The Charity Commission’s chair and chief executive have both said the regulator needs to explore new models of funding in the introduction to the Commission's 2016/17 annual report and accounts published today.
William Shawcross, chair, and Paula Sussex, chief executive, said: “Continuing to provide effective charity regulation within our current budget will be a significant challenge.
“As a responsible regulator, we must explore ways to ensure we have the funds that we need, now and in the future, to regulate charities in a way that means the public can have trust and confidence in them.”
They added they plan to launch a consultation later this year, but said any such consultation will be “subject to Treasury approval”.
The report reveals that parts of the Commission have undergone internal restructuring and shows that the regulator has created a risk assessment unit which reports directly to the chief executive.
“The creation of our new risk assessment unit (RAU) in 2016/17 reflects the corporate approach to charity risk that can be built into our systems and used to determine workflow priorities,” the Commission said. “This unit brought together people who had previously been split across three areas of the business.”
It also restructured its policy and communications team to “prioritise reaching trustees and influencing their behaviour, manage a clear digital content strategy and delivery plan and control digital channels of communication”.
The operations department is also in the middle of being reorganised into four new divisions.
“Our Operations Directorate is in the process of reorganising into four new divisions with the objective of future-proofing staff structures and skills to enable handling of increasing volumes and demand on services, exploiting digital technology and casework redesign,” the report said.
The Commission employs 312 staff, a figure broadly similar to last year.

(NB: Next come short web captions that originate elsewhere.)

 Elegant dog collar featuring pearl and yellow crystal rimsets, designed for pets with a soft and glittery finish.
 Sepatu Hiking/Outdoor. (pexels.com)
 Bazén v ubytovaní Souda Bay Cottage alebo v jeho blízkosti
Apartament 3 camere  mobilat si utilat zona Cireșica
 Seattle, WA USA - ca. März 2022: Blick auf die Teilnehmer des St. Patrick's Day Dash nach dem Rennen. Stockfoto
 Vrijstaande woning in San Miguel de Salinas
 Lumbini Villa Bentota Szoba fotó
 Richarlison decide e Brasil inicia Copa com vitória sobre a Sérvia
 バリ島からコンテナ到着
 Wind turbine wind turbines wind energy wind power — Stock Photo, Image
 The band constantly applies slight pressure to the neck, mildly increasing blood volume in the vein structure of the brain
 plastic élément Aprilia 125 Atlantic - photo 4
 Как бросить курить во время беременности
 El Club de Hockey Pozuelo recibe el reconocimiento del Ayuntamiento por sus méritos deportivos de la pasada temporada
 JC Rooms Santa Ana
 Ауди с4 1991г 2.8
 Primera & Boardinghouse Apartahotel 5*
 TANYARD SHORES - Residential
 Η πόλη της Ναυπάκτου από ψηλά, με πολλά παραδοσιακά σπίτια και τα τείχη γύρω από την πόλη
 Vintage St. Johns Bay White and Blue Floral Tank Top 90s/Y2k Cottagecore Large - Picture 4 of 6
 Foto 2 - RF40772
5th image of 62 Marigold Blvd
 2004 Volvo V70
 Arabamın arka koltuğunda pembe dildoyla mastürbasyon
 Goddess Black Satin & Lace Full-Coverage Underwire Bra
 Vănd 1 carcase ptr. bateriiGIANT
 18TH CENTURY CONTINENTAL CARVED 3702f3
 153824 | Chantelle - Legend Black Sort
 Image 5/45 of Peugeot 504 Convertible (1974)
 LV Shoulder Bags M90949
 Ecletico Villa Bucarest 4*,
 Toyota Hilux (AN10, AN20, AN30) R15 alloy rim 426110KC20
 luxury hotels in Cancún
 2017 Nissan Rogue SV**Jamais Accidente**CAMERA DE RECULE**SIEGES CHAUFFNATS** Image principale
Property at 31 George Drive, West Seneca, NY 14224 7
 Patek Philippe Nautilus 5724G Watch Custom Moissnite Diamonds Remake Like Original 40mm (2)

No compulsory redundancies were made, however ten people left under the Civil Service Compensation Scheme at a total cost of £309,000.
Increase in number of inquiries
The report notes an increase in the total number of charities subject to statutory inquiry, from 235 in 2015/16 to 248 in 2016/17.
It says this is partly down to a class inquiry opened during the year involving 74 connected charities, an increase in those involved in the double defaulters class inquiry, and an increase in other charities being referred for inquiry in order to deal with serious regulatory concerns.
The Commission said it has “absorbed an increase in our compliance work” and that there has been a 22 per cent reduction in the number of inquiries more than one year old. It opened 1,644 (2015/16: 1,327) operational compliance cases and closed 1,499 (2015/16: 1,309).
Applications to register a charity also increased slightly, but the time it takes to register them has reduced, said the Commission.
There was a 2 per cent increase in the number of charities applying, and a 9 per cent increase in the number of charitable incorporated organisations applying.
“Fast track application timeframes were down to three days this year,” the regulator said, “whilst average low-risk registration timeframes decreased from 32 days to 23 days and the average timeframe for all registration applications (including high risk) was down to 55 days from 58 days the previous year.”
There were a total of 8,368 applications, 6,045 of which were successful.
The Commission formally rejected 131 applications to register, this is up from 90 in 2015/16. Over 2,300 applications did not result in registration after the Commission asked for more details.
Some 4,565 were removed from the register.
“We improved the speed of removing non-charities to promote trust in charities on the register and in regulatory effectiveness,” the Commission said. “One way we have done this is by identifying and making contact with charities that default on their reporting obligations.”